Когда кончалось народное терпение и выливалось в стихийные восстания, то повстанцы беспощадно, иногда с изощрённой жестокостью, присущей тому веку, уничтожали и панов-ляхов, и католиков, и униатов, и рендарей.
Естественно, касаясь того периода, нельзя не осветить, хотя бы вкратце, историю казачества, сыгравшего важную роль в ключевых событиях образовавшейся Речи Посполитой.
После монголо-татарского нашествия и разорения Киевской Руси в 13 веке, земли к югу и юго-востоку от Киева, по обоим берегам Днепра почти опустели. Редкие выжившие поселения постоянно подвергались опустошительным набегам турок и крымских татар, как части распавшейся Орды. В 14 веке эти земли, как уже отмечалось, присоединило к себе Великое Литовское княжество. Но оно было не в силах обеспечить надёжную охрану неспокойных юго-восточных границ.
И вот в эти, относительно “свободные”, края стали стекаться люди как с литовской (русской) стороны, так и татарской, собираясь в вооружённые группы-отряды. В большинстве своём они занимались не столько мирным трудом, сколько грабежом всех, кто попадался под руку: купцов, обозы, крестьян и иных. Их назвали казаками.
В 15 веке, из-за усиления польско-католического гнёта в образовавшемся Польско-Литовском государстве, в эти места стали убегать наиболее активные, свободолюбивые православные крестьяне. Уходили целыми семьями, образовывали поселения и занимались привычными для себя делами: земледелием, охотой, рыболовством, бортничеством10 и ремёслами. Естественно, они стали подвергаться нападениям как татар из Крыма, так и местных “казаков”. Мириться и сгибаться не стали, а начали вооружаться, объединяться и успешно отражать набеги врагов. Разогнав шайки грабителей, отбросив татар на юг, они налаживают мирную жизнь. Сами себя вскоре стали называть тоже казаками.

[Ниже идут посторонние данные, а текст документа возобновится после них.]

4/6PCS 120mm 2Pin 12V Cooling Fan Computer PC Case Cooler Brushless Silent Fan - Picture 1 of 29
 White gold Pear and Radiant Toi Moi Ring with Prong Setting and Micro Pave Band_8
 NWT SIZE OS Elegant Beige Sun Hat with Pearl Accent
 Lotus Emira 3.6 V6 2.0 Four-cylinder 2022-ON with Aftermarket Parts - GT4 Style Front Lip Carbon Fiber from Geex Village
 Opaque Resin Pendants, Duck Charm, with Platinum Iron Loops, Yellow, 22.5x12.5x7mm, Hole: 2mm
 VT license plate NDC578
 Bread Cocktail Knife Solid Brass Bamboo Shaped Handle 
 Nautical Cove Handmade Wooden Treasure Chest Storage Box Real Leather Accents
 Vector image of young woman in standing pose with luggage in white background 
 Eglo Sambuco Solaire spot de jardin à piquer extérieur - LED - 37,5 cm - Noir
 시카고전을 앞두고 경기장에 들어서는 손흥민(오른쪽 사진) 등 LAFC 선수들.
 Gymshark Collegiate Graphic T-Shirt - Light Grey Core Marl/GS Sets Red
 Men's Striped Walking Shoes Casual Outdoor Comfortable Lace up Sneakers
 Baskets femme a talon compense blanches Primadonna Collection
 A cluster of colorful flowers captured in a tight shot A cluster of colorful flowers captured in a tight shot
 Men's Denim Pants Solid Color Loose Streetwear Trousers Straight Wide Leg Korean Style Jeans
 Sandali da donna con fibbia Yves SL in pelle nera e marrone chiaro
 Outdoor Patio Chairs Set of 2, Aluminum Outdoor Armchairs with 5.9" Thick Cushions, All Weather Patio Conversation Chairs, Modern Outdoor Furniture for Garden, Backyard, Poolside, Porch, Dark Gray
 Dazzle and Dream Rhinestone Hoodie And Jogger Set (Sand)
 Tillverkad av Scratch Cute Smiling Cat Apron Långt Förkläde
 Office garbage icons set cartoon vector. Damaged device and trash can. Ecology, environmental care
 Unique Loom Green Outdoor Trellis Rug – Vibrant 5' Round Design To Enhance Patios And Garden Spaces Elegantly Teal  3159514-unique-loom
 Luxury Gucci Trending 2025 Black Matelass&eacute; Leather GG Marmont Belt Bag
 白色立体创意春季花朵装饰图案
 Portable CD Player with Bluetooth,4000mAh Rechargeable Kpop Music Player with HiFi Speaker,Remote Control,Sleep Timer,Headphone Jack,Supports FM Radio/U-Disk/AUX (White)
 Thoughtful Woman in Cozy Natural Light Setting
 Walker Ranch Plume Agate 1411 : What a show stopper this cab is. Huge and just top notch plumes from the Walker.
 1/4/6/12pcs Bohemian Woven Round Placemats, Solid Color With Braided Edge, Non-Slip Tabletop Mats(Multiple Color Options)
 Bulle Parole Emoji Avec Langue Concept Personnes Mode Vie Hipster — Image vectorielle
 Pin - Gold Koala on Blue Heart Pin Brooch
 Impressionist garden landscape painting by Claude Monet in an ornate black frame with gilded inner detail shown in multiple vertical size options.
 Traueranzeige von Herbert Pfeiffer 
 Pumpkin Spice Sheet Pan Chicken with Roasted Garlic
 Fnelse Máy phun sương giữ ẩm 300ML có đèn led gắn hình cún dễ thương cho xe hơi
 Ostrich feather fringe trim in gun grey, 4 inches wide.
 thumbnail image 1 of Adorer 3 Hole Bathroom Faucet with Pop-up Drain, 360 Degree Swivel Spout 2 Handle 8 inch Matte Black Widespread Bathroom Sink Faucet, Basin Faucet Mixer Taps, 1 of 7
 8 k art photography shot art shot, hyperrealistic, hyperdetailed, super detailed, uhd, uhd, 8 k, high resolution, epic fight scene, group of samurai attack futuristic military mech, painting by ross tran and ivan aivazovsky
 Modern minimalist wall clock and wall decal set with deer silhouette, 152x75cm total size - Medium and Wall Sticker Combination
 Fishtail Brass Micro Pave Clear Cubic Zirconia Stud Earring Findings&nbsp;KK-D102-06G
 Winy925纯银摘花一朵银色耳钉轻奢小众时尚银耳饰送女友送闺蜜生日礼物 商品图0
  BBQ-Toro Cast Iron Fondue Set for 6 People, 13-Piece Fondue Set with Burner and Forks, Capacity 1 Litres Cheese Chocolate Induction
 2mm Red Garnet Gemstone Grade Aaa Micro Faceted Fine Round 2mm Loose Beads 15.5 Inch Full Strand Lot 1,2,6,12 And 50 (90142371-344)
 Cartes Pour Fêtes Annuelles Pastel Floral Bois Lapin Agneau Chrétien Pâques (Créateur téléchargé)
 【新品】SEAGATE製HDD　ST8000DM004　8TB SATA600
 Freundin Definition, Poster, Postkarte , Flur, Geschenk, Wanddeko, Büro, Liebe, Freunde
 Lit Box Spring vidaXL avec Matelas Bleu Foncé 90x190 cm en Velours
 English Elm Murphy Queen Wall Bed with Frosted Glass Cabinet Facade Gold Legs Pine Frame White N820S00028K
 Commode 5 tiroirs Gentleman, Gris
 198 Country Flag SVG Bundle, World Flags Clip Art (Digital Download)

Росло, развивалось и укреплялось казачество в постоянной борьбе с татарами и турками, превратившись к 16 веку в грозную военную силу. Очередное усиление к концу 16 века гнёта крестьян со стороны католиков, шляхты и магнатов, вызвало новый поток православных беженцев, которые образовали вниз по Днепру, за порогами, своеобразную казацкую мини державу – “Запорожскую Сечь”. Она очень быстро стала лидером казачества, благодаря жёсткой военной организации, со своеобразной демократией в вопросах выборности предводителей-атаманов и органов управления.
Летописец того времени писал: “…Сечь постепенно становилась прибежищем и центром для каждого, кому была не выносима жизнь на родине, для всех обиженных, которые переселялись туда с жаждой мести…” Сечь никакую внешнюю власть не признавала, а её главными врагами были: “басурмане” – турки и татары, а также католики, шляхта и униаты. Запорожцы являлись зачинщиками многих восстаний против гнёта крестьян и казаков в Речи Посполитой.
Власти последней постоянно пытались приручить “непокорное племя”. Иногда им это удавалось. Так, отметились казаки и службой королю Речи Посполитой в качестве реестровых11, то есть поставленных на государственный учёт и королевскую службу. В составе войска польского, несколько раз ходили в походы на Москву, убивали своих же, православных. Частенько, в силу военных обстоятельств, кратковременно объединялись в баталиях и со своими извечными врагами турками и крымским ханом.
Однако именно они, в лице гетмана Богдана Хмельницкого12, возглавили освободительную борьбу в 17 веке и процесс вхождения “войска запорожского” и его земель в состав Московского государства. Непростая, иногда драматичная, история взаимоотношений запорожцев с московскими царями и императорами (со времён Петра Первого) имела важную веху в конце 18 века при Екатерине Великой: за заслуги в Русско-Турецкой войне 1787-1792 годов им была выделана территория для поселения на Кубани…
Начало 17-го века, днепровское левобережье, район Полесья.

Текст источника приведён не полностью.